Production is on fire, and we are all remote

14 Feb 2021

All of a sudden, things start to go badly. Support tickets begin to flood in with the same complaints - the app stops working. The engineers start to investigate in their own homes. The production app is on fire, and we are all remote.

Product incidents are stress-inducing. Every minute counts. A product incident when everyone works remotely is even more challenging. Incident management with a remote engineering team is a complex problem; this blog post attempts to provide some simple guidelines to follow.

what bad incident response looks like

Imagine a production outage happened with the following scenario:

the outage is raised by customers first, not the engineering team
the engineering team investigate the outage in silos
the company does not have a common understanding of what and who is working on the outage
the customers were left hanging without answers, and frustrated

The scenarios above paint a bleak picture. Such outage and respondence to outage damage customer trust and tarnish team morale. Unfortunately, these scenarios happen way too often at startups with small engineering team and fragile infrastructure.
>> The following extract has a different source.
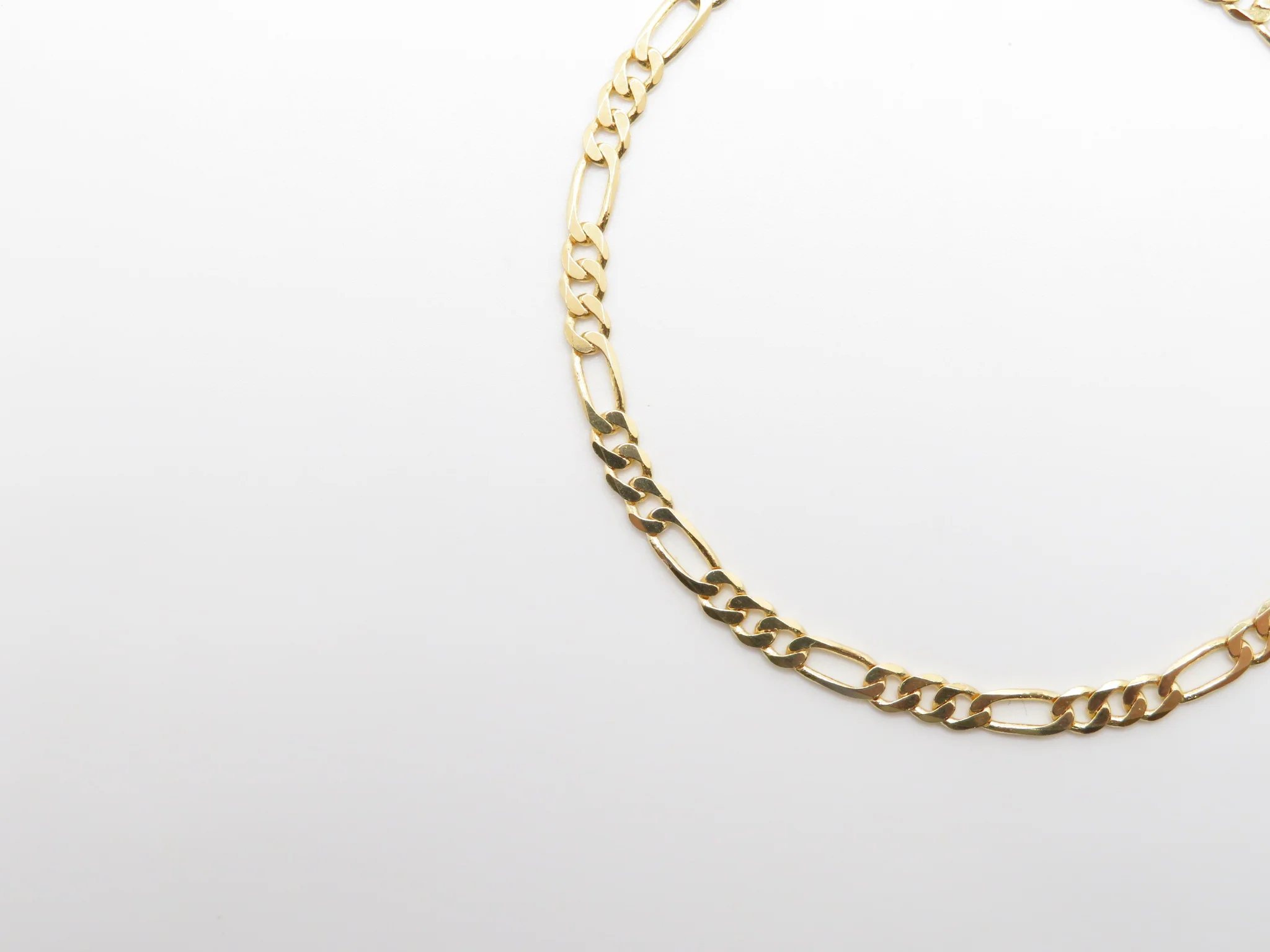 10k Yellow Gold Figaro 7" Bracelet - Image 5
To add another layer of complication, having an all-remote engineering team means more required synchronization between individuals online.

So how can we do better? In order to do better, we first need to understand what makes production incidents difficult, and then apply guidelines to address them.

what makes production incidents hard to respond remotely

production incidents requires fast response. When an incident happens, the most ideal is to identify the root cause and fix it as soon as possible.
production incidents are unexpected and stress-inducing. Incidents are by nature not intentional, and thus the engineering team starts to tackle incidents with lots of unknowns. When we face unknowns with a ticking clock, it produces stress.
direct communication is harder without being physically together. It gets harder to synchronize information with an all-remote team and have a single source of truth.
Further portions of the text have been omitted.